Однажды во время прогулки я услышала крики и стоны.
– Что это?! – воскликнула я. – Кто кричит?
– Это из новичка вытрясают деньги, – безучастно объяснил тюремщик, как будто говорил о чем-то простом и обыденном.
Вернувшись в камеру, я спросила Нонкина, что это значит.
– Вытрясать деньги? А, это такой у них обычай. Когда в тюрьму попадает новичок, ему назначают цену, которую он должен заплатить всей компании. Если он отказывается, его бьют до тех пор, пока он не даст слово, что выплатит долг в какой-то срок. А пока его бьют, он, конечно, кричит.
Его слова и этот обычай стали для меня жестоким потрясением. Никогда в жизни я не сталкивалась ни с чем, что бы вызывало у меня большее негодование. При очередной встрече с поляком я завела с ним разговор об этом.

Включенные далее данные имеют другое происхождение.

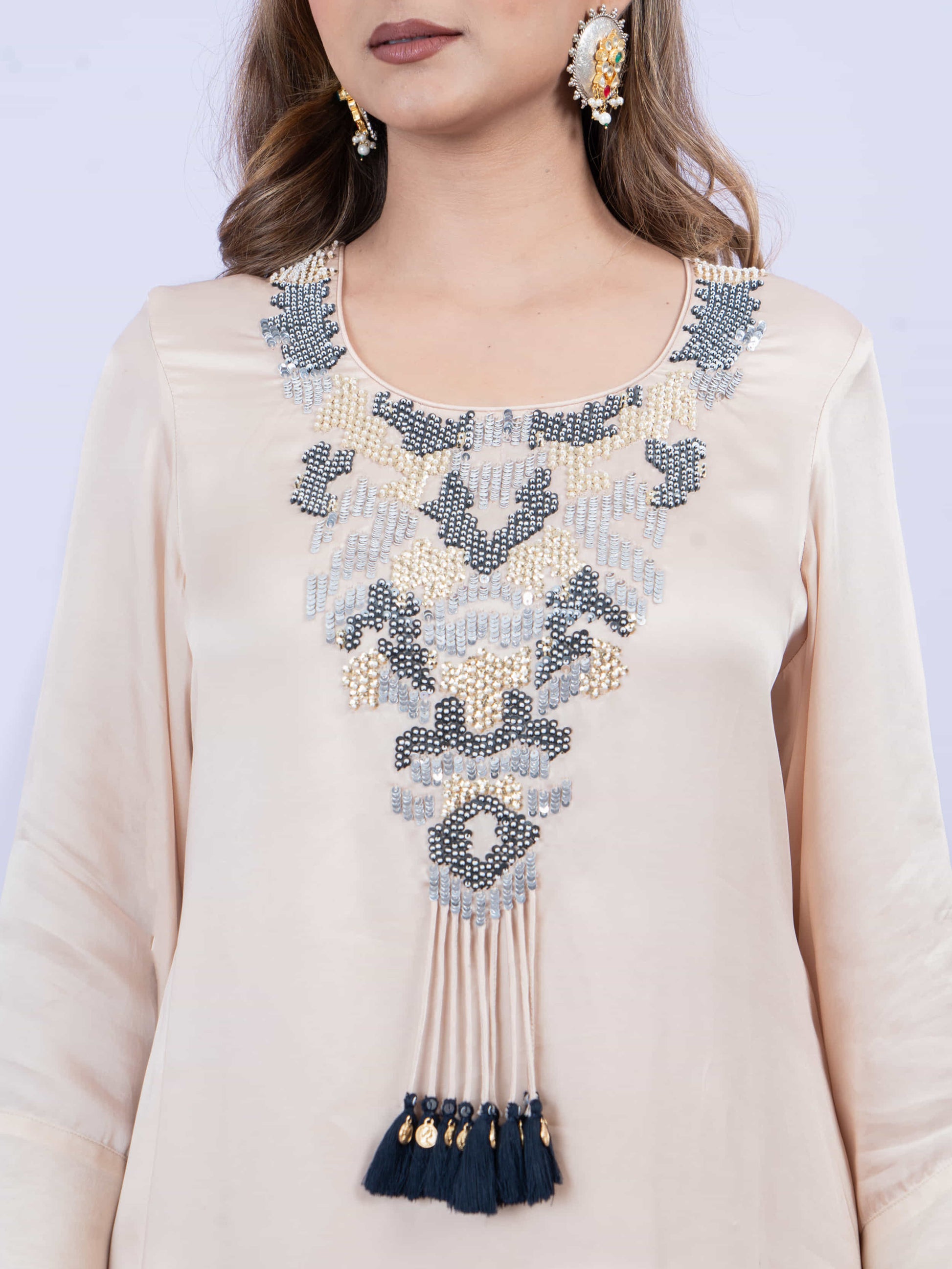 Ivory kurta set with embroidery on neck paired with dhoti pants and dupatta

– Да, – сказал он. – Такой здесь обычай, закон тюрьмы. Старожилы безжалостны к новичкам, особенно к крестьянам. Они их ненавидят, потому что крестьяне жестоко расправляются с конокрадами. Однако деньги они вытрясают из всех. Я знал это, когда шел в тюрьму, и поэтому сумел принести с собой револьвер. Некоторых они забивают до смерти. Когда меня заперли в камере, старожилы собрались у двери, вооружившись поленьями, и потребовали двести рублей. Я показал им револьвер и начал торговаться. Мы сошлись на пятидесяти рублях. Было бы неразумно ничего им не дать – они бы не оставили меня в покое. Это жестокий, бесстрашный, хитрый народ.
Сперва женщины хотели вытрясти деньги и из вас. Они рассчитывали по крайней мере на шесть рублей. Я сказал им, что, если они до вас дотронутся, я их всех пристрелю. И теперь к вам никто не прикоснется. Вся тюрьма знает, за что вы арестованы, и о вас ходят всевозможные легенды. Говорят, что вы – великая княгиня, которая знает подземные ходы и распространяет те страницы законов, которые дворяне вырвали и спрятали от крестьян, когда тех отпустили на свободу.
Здесь есть старшина, посаженный в тюрьму за злоупотребление властью. Он надеется, что из-за вашего заступничества его дело пересмотрят и его простят. Я объяснил ему, что тот, кто сам сидит в тюрьме, вряд ли поможет другому, но он мне не верит.
Однажды кто-то постучал ко мне в дверь. Когда рядом не было начальства, мой «дядя» не гнал людей прочь, и они часто из любопытства заглядывали в камеру. Я подошла к двери. В коридоре стоял рослый красавец с печальными глазами, в чистой малороссийской одежде и соломенной шляпе. Упав на колени, он разразился рыданиями. Это и был тот старшина, несправедливо приговоренный к шести месяцам тюрьмы. Как я ни уверяла его, что не в состоянии ничего сделать, он умоляюще глядел на меня и продолжал жаловаться. После того как он ушел, у меня было тяжело на сердце от мысли, что такой сильный, добрый человек живет в крайнем невежестве. Царь и все, связанное с ним, в его глазах по-прежнему было священным и всемогущим в полном смысле этого слова.
Был и другой случай, куда более прискорбный. В общей камере уже восемь лет сидел хитрый и опытный старик. Иногда он приходил ко мне под дверь и вел льстивые разговоры, как будто все понимал. Однажды он принес мне голубя. На тюремном дворе их было полным-полно. Он предлагал мне табак и спички, но я не курила. Как-то раз он попросил меня написать за него прошение судье, чтобы его дело не затягивали. Я отказалась, поскольку заявила властям, что не буду ничего писать. Я не хотела, чтобы у них оказался образец моего почерка. Этот человек мне не нравился, но он был узником, страдальцем, а отказывать в помощи мне всегда было очень трудно. Однако, несмотря на его настойчивость, я все же не выполнила его просьбы, заметив, что в тюрьме есть и другие люди, которые умеют писать. Он ушел, сильно разозлившись. Позже я услышала от других заключенных, что его подослало начальство, желая получить доказательства моей образованности и того, что прокламации, найденные у меня в мешке, написаны мной. Такое коварство было мне ненавистно. Больше старый негодяй не показывался.